___ DATA SECTION

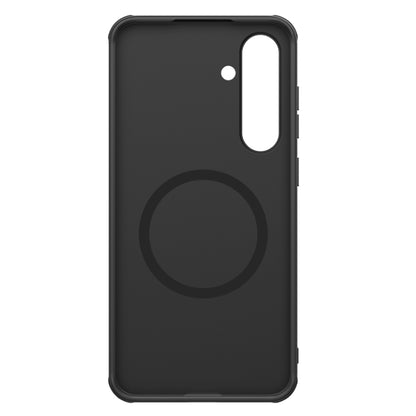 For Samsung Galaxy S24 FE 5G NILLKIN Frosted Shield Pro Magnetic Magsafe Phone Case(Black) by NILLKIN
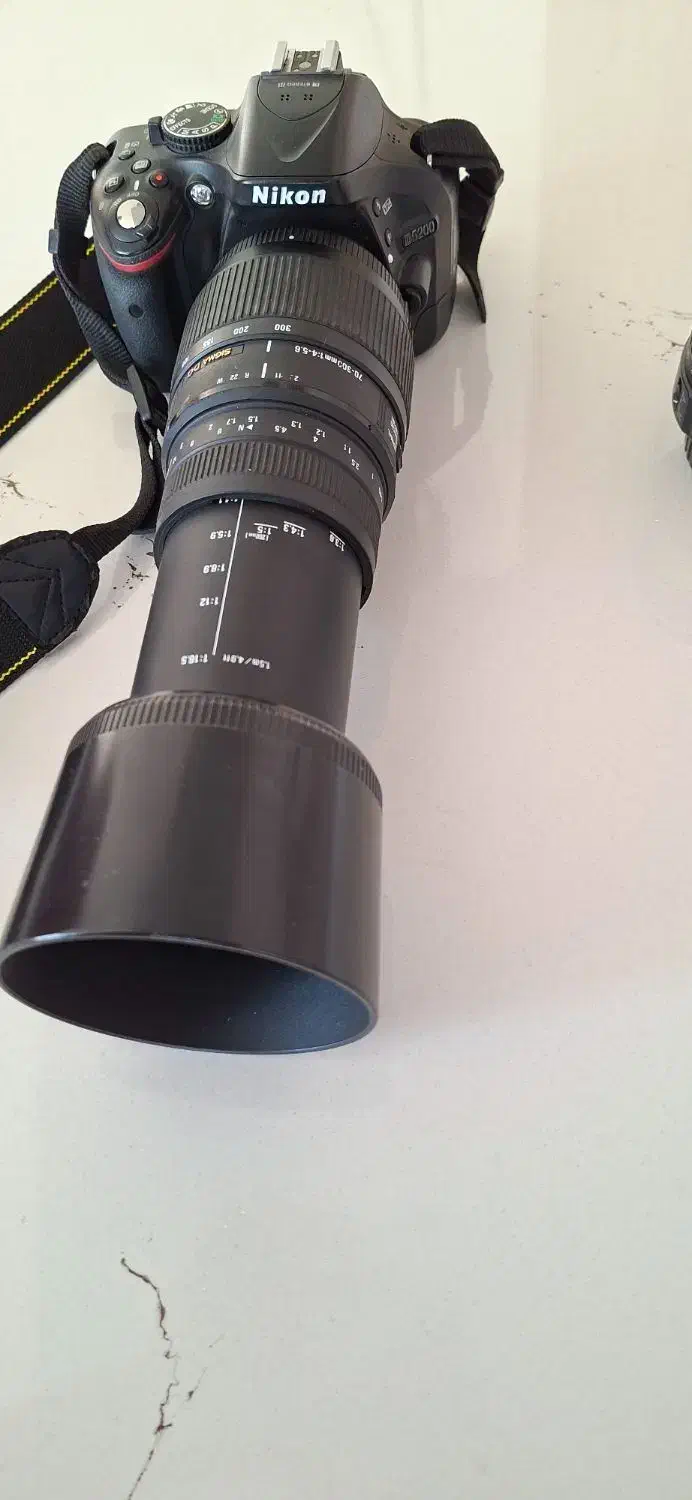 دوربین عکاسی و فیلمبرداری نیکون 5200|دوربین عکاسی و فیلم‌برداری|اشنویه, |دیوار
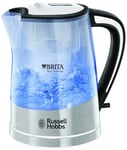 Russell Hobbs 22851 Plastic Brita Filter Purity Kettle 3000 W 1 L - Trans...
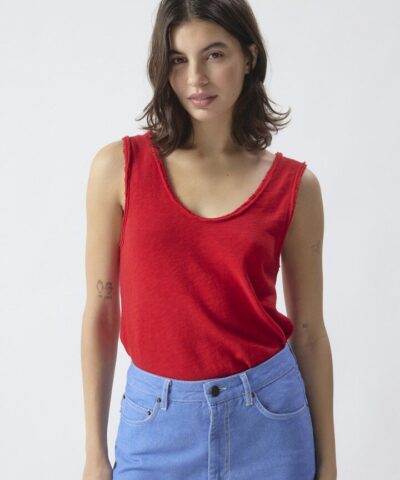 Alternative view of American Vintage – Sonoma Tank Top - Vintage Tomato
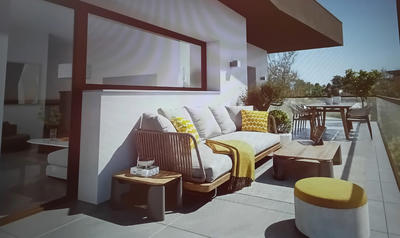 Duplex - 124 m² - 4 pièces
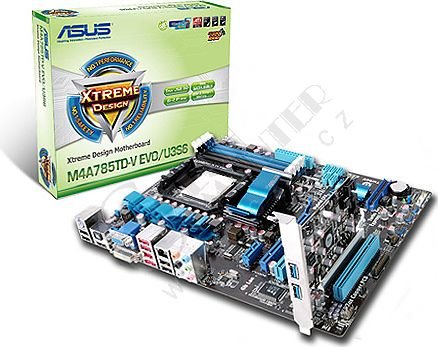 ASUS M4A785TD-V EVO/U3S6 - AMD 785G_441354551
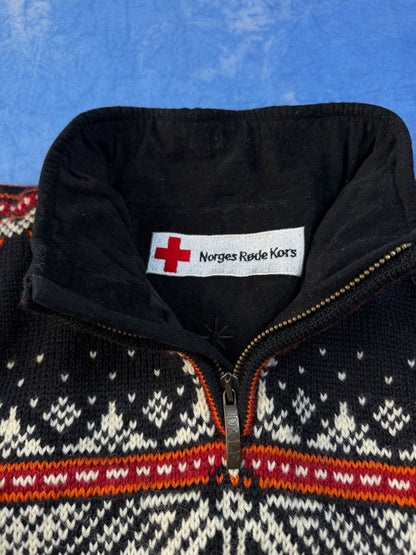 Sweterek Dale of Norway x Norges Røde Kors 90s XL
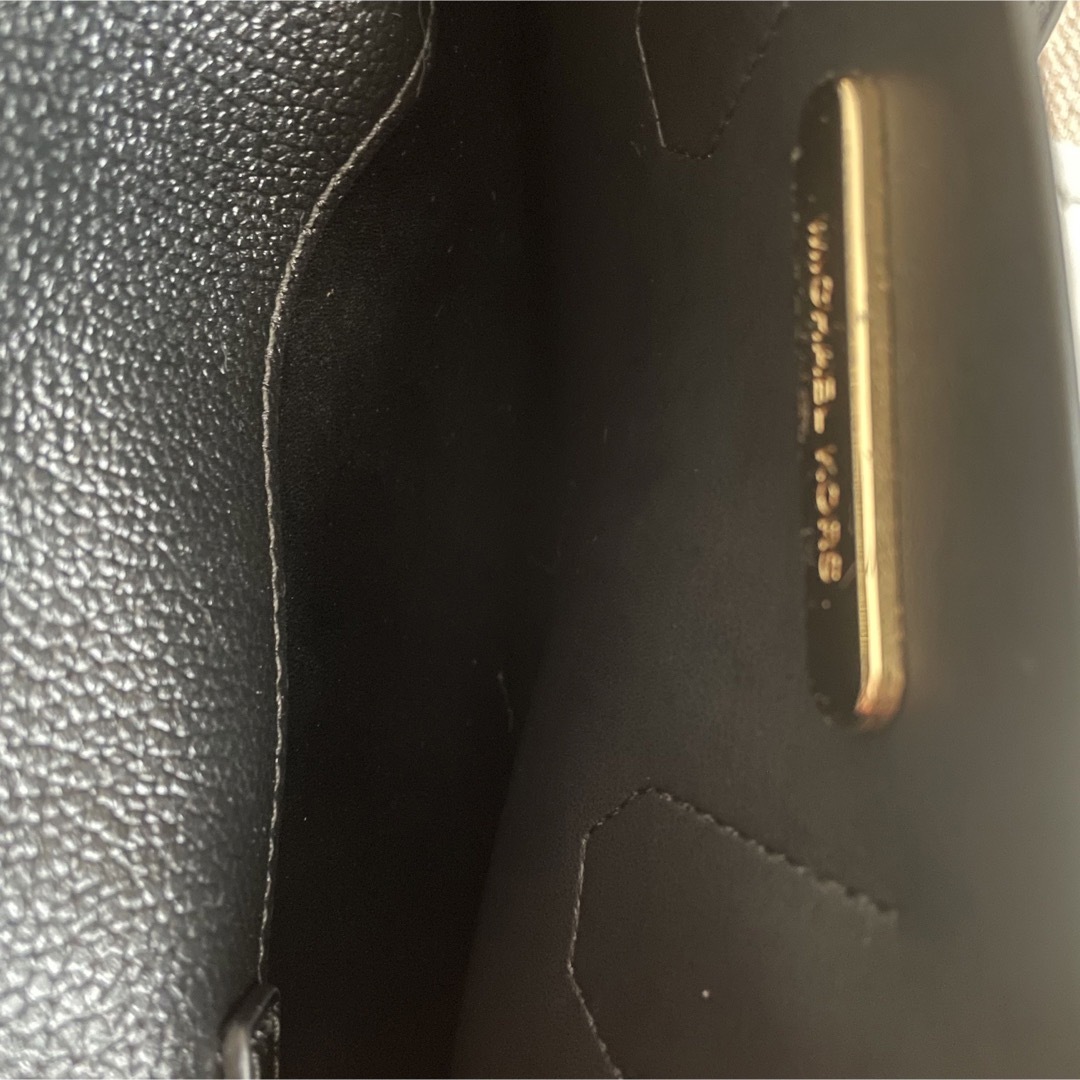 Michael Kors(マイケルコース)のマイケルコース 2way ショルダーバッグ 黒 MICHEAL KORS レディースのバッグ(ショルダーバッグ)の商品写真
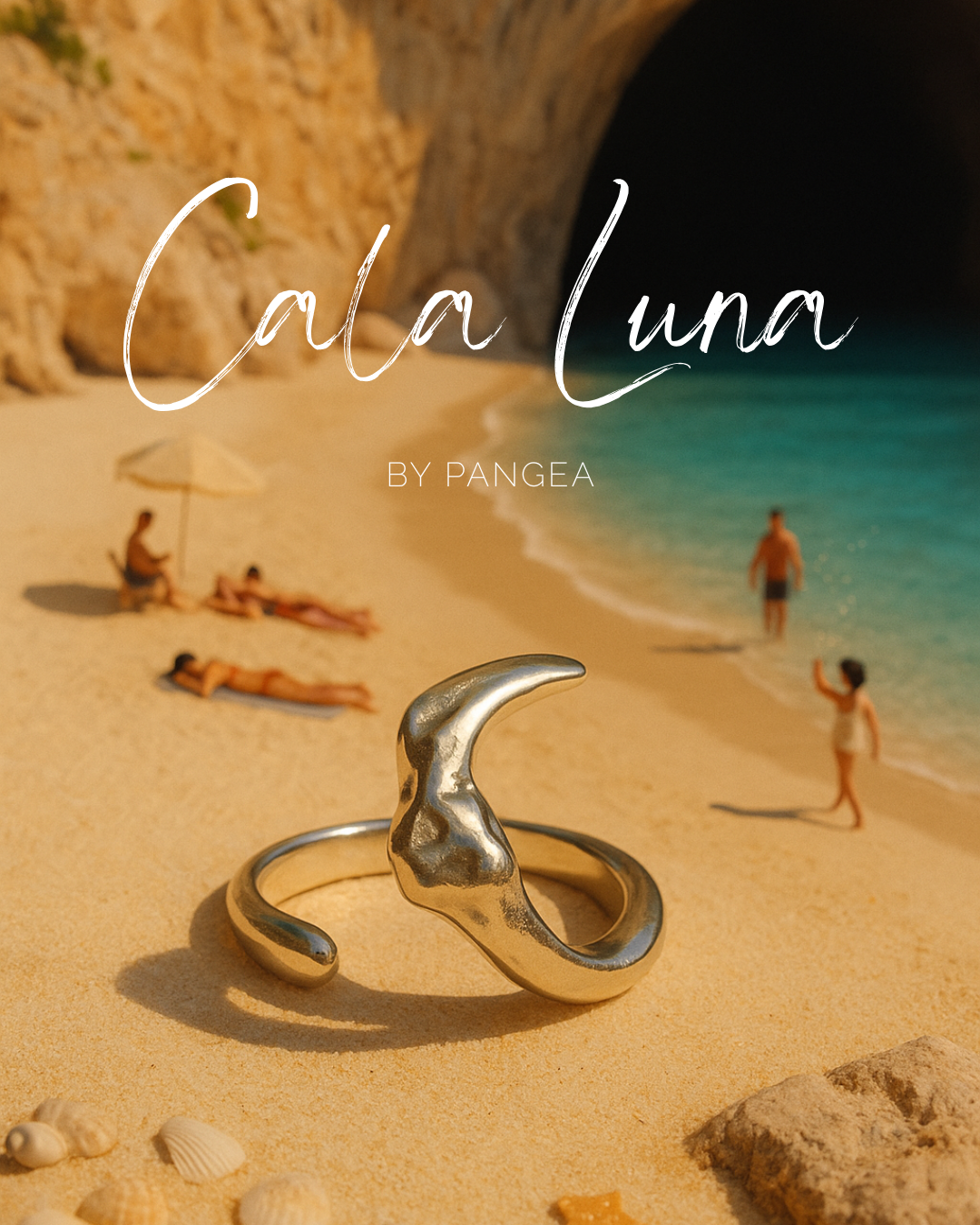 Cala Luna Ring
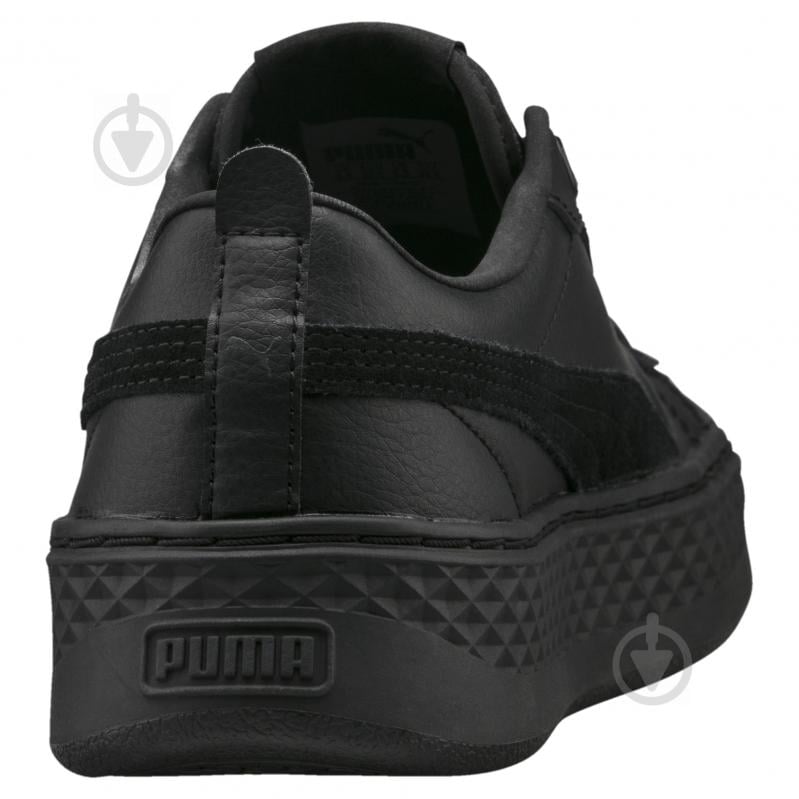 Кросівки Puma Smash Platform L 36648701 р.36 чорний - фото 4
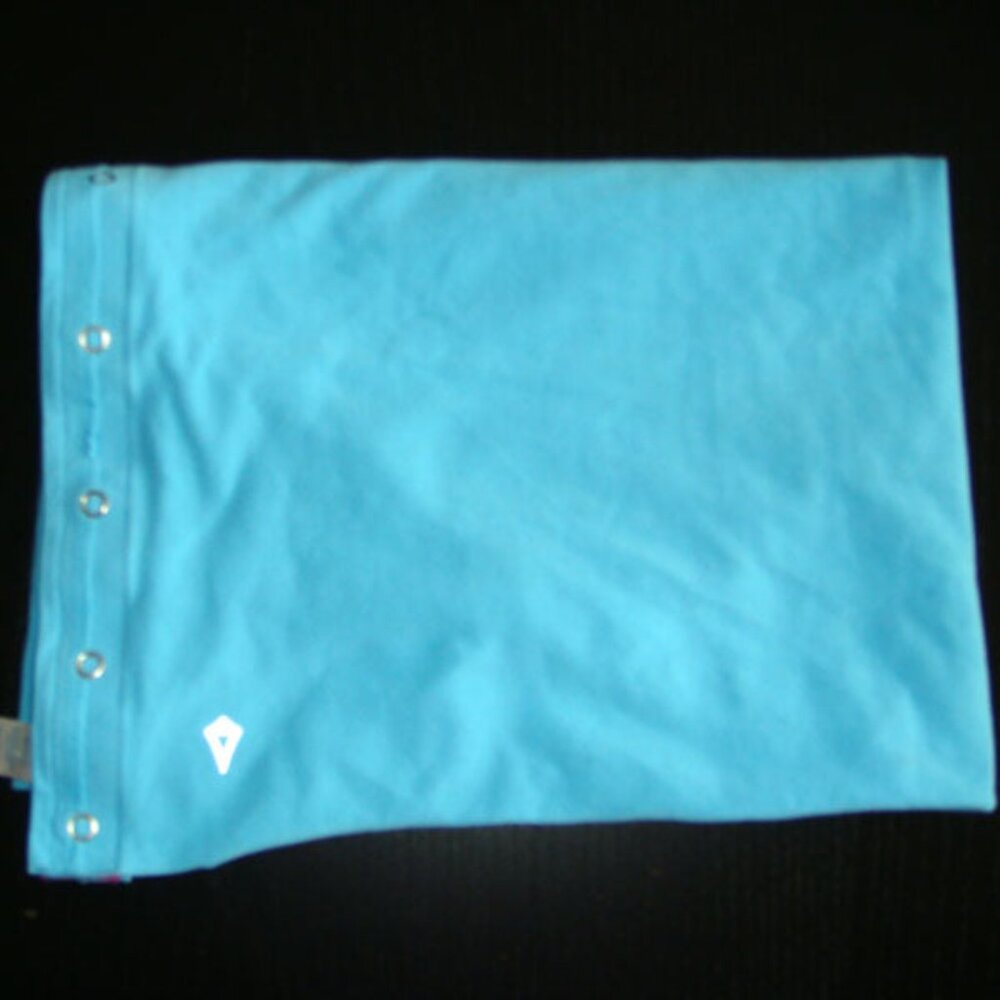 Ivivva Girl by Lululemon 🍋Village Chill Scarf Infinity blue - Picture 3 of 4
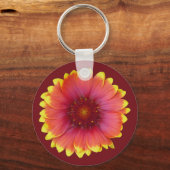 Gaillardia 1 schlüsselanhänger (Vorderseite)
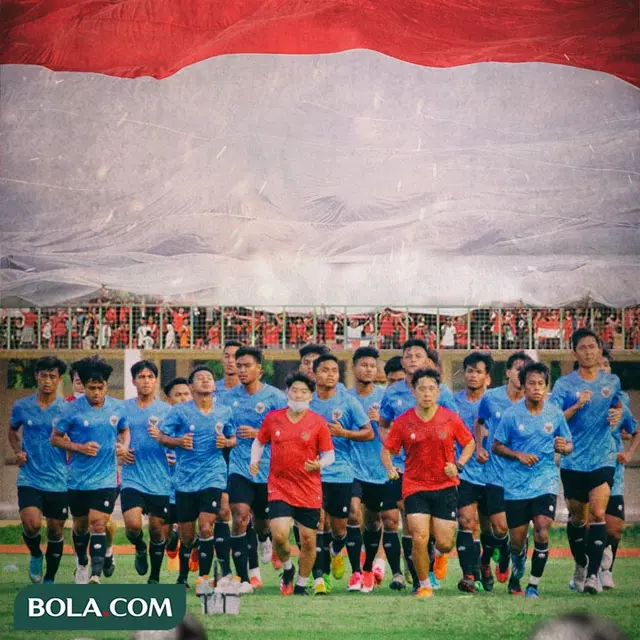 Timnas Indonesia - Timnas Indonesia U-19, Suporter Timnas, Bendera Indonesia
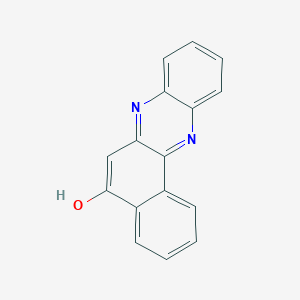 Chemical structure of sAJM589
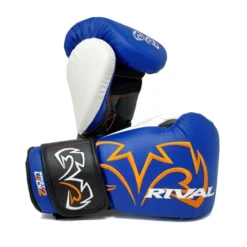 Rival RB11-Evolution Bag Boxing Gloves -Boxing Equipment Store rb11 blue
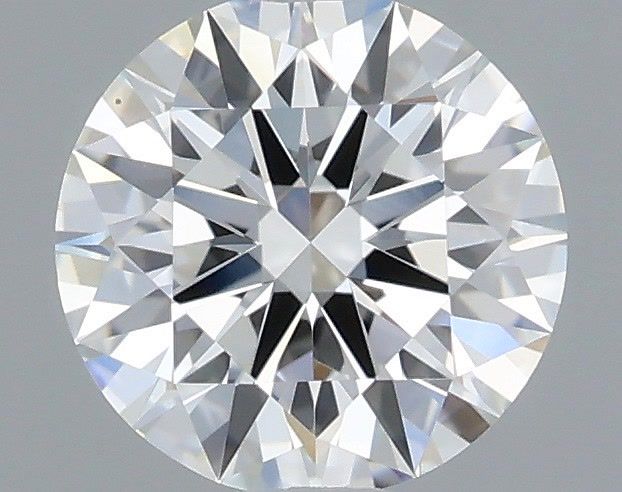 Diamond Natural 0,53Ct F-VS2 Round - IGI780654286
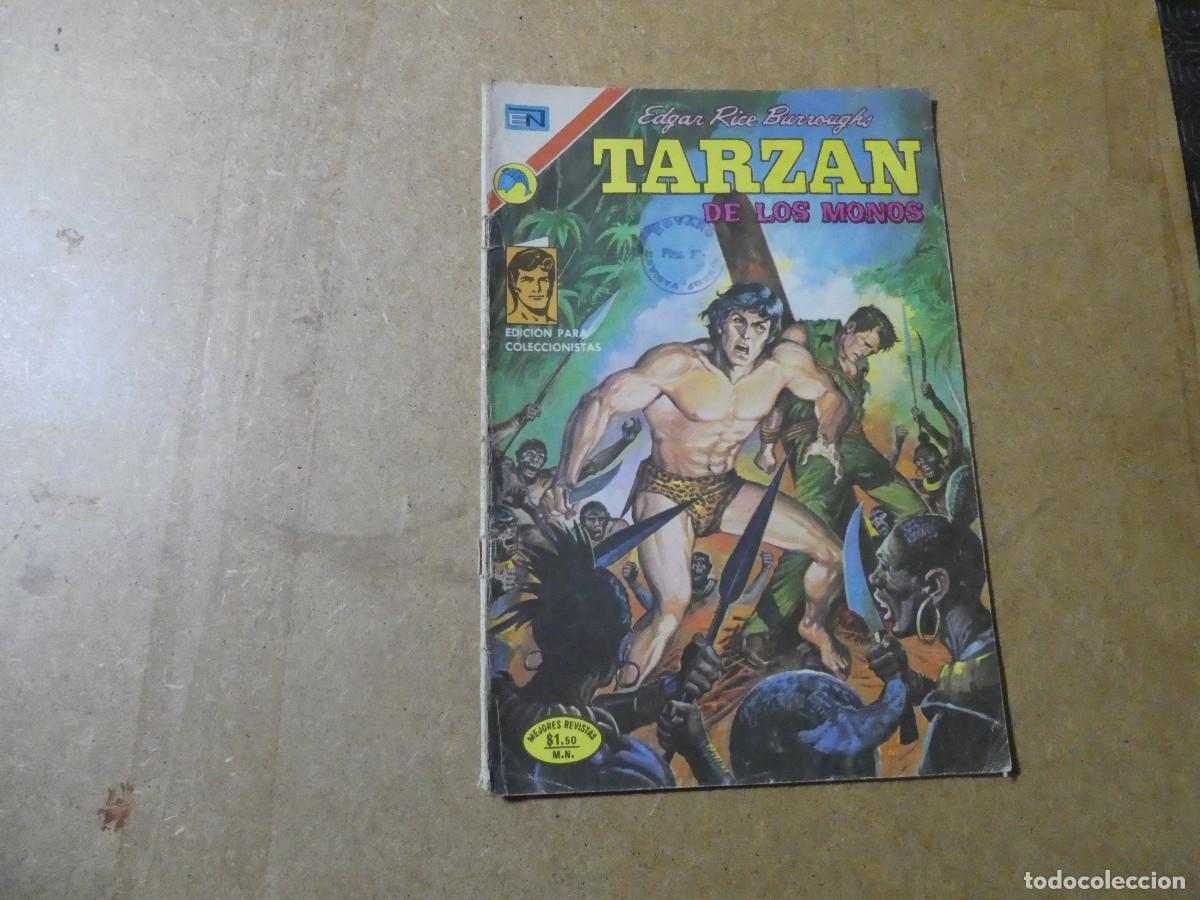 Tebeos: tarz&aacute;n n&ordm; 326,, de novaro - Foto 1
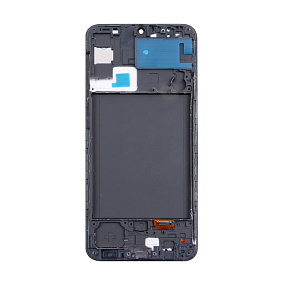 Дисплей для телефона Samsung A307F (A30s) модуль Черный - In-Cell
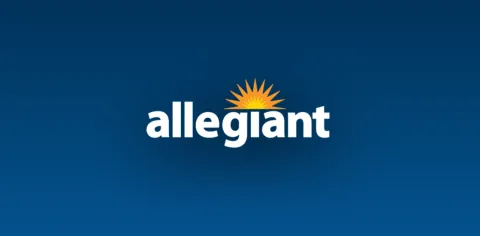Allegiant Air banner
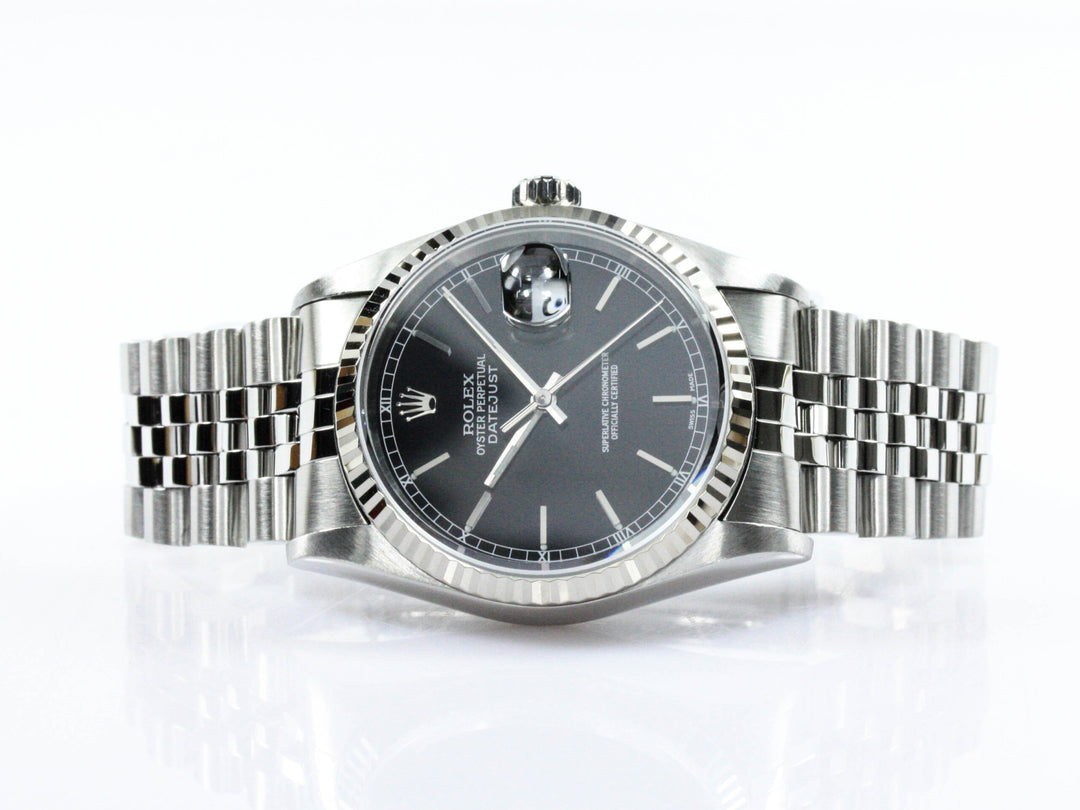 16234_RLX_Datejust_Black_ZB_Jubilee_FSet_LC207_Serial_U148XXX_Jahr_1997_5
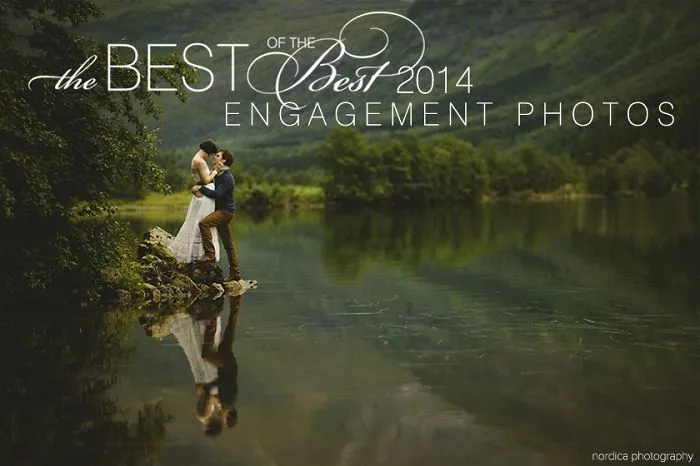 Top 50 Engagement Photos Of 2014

______

TASK INSTRUCTIONS - The data above must be given back verbatim, minus its images.

THE COMPLETED TASK -
 For Samsung Galaxy S24 FE 5G NILLKIN Frosted Shield Pro Magnetic Magsafe Phone Case(Black) by NILLKIN
 دوربین عکاسی و فیلمبرداری نیکون 5200|دوربین عکاسی و فیلم‌برداری|اشنویه, |دیوار
 Russell Hobbs 22851 Plastic Brita Filter Purity Kettle 3000 W 1 L - Trans...
 Alternative view of American Vintage – Sonoma Tank Top - Vintage Tomato
 Duplex - 124 m² - 4 pièces
 ASUS M4A785TD-V EVO/U3S6 - AMD 785G_441354551
 Sweterek Dale of Norway x Norges Røde Kors 90s XL
 Michael Kors(マイケルコース)のマイケルコース 2way ショルダーバッグ 黒 MICHEAL KORS レディースのバッグ(ショルダーバッグ)の商品写真
 Cala Luna Ring
 Кросівки Puma Smash Platform L 36648701 р.36 чорний - фото 4
 Ivivva Girl by Lululemon 🍋Village Chill Scarf Infinity blue - Picture 3 of 4
 Gaillardia 1 schlüsselanhänger (Vorderseite)
 Timnas Indonesia - Timnas Indonesia U-19, Suporter Timnas, Bendera Indonesia
 Chemical structure of sAJM589
 Rival RB11-Evolution Bag Boxing Gloves -Boxing Equipment Store rb11 blue
 Diamond Natural 0,53Ct F-VS2 Round - IGI780654286
 Tebeos: tarz&aacute;n n&ordm; 326,, de novaro - Foto 1
 Дисплей для телефона Samsung A307F (A30s) модуль Черный - In-Cell
Allegiant Air banner
 16234_RLX_Datejust_Black_ZB_Jubilee_FSet_LC207_Serial_U148XXX_Jahr_1997_5
 Top 50 Engagement Photos Of 2014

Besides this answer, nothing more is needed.